Many people have called the current economic environment for nonprofits the perfect storm. With government budgets stretched to the limits and foundation, corporate, and individual giving down, 2010, in the minds of many, could be the most difficult fund raising year in a long time for nonprofit leaders. An ED I’m working with remarked, “If we can just make it through the next two years without having to close the doors, I will be very happy!” So, what is happening?
Foundation endowments are not worth what they were a few years ago and are not generating the same level of returns. Many foundations determine the amount they will give away each year on a rolling three-year average of the value of their endowment. So even as investments (stocks, bonds, real estate) start to rise, the amount foundations can give away lags behind the market recovery.
Foundations are also changing the ways they typically grant funds in response to a smaller pot of money. Three typical responses are:
- Cut funding to all grantees across the board by the same amount
- Focus the funding on a few targeted areas where the foundation wants to make a difference and stop funding the rest
- Do a combination of the above strategies
As for individual giving, it has remained somewhat flat (an overall 3% decline) during this past year. What makes this statistic somewhat misleading is where the decline has occurred. Giving has continued to be flat or, in some instances, growing with religious institutions. Translation: the decline has been deeper in the rest of the nonprofit sector.
One problem area is with large donors who have reduced their giving because it has typically come from their investments (which are down) rather than from their current income. This decline in investment gifts (I would guess that there is a similar trend with planned giving gifts) has hit nonprofits hard.
Finally, government budgets are being stretched to the limit and annual contracts with nonprofits are necessarily less. One ED complained, “They want me to do more with less money, as if I have a bunch of reserves somewhere!” This last comment speaks to the perfect storm. At the same time funding is down, the need for services is on the rise.
Given the current funding environment for nonprofits, the million dollar question facing those in the leadership hot seat is: “What should we do with resources down and demand for our services as great as it has ever been?”
The answer, as I often find, may be counter-intuitive.
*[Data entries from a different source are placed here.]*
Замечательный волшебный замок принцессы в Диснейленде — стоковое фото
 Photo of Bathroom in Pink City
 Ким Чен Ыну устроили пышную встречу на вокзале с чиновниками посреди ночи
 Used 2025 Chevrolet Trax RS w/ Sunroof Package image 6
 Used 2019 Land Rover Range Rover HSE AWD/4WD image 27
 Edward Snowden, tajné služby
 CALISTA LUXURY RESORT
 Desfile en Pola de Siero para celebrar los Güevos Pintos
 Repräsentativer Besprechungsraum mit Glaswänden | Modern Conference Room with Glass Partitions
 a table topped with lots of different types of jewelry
While many are hunkering down, sticking to their knitting, and hoping that the perfect storm will pass and they can come out the other side, I think that an organization may be able to actually attract resources at this time by being bold, standing up and calling attention to themselves.
How to be bold? Here are three things I think the successful nonprofit needs to do to distinguish itself to funders and investors:
- Show that your organization’s work is making an important difference in the world. This means you need to have the capacity to document what outcomes are being achieved through your efforts, not just what you hope to achieve or what activities are performed. If you have been doing some outcome evaluation all along, you are well positioned to make a strong case for getting more resources. If you do not have this information related to your programs, start compiling and analyzing data as soon as possible. Don’t forget that sometimes you have the information available; you just have not pulled it together. So you may not be starting from scratch. One nonprofit I work with does an outcome study once a quarter and extrapolates from that study to identify outcome numbers. This saves them from having to count outcomes all the time.
- Demonstrate that your organization is relevant today. This means that you are not living on past relevance, but that you are a good fit with the issues that people are facing today. To demonstrate this you will need to show a considerable demand for what you do among a constituency in need. The need that your organization is addressing should be widely recognized, understood, and significant. This will make your case for being relevant powerful. To illustrate your relevance you can show that you are filling a gap that others are not meeting or that you are addressing an issue in a unique way compared to others. One ED told me that in order to prove relevance, he pulled together an advisory group of clients/customers to make certain that he was always addressing their most important needs.
- Prove that you are flexible enough to change in response to your environment. This means that you are willing to constantly look at what you do and how you do it, and consider doing things differently. An organization that is willing to refine its program model(s) on a regular basis in order to provide services as efficiently and effectively as possible, demonstrates that board and staff leadership is focusing on accomplishing its mission and takes very seriously its stewardship responsibilities.
If an organization shows that it pays attention to the above, it will distinguish itself in the eyes of investors who have to make difficult decisions about where to put their precious money.